Work to be completed =>
In the entries below, begin at the line that has "A single-vehicle crash", stop after the line that has "spare room featuring", and output those lines exactly with no pictures.

Records for this task =>
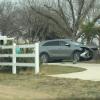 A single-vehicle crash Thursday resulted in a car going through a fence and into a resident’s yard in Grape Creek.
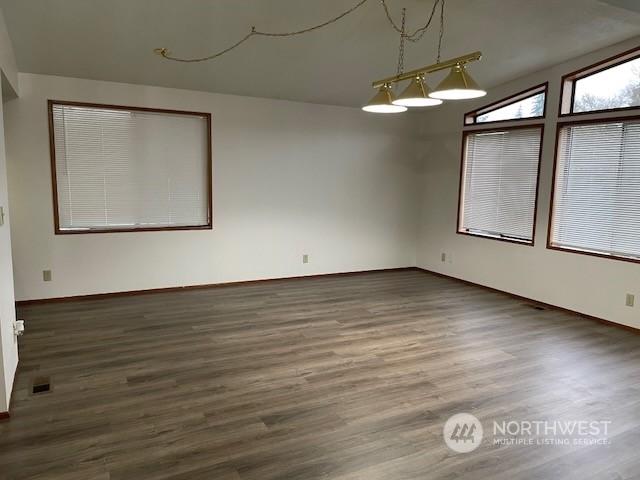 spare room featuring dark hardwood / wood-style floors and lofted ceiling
---
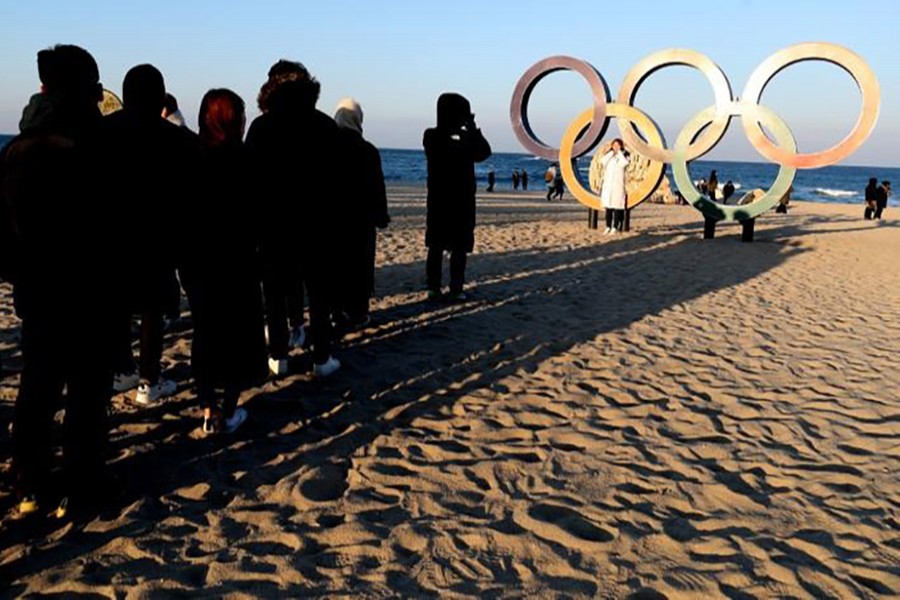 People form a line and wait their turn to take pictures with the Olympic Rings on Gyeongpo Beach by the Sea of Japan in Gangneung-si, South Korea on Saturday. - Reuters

Solution below =>
 A single-vehicle crash Thursday resulted in a car going through a fence and into a resident’s yard in Grape Creek.
 spare room featuring dark hardwood / wood-style floors and lofted ceiling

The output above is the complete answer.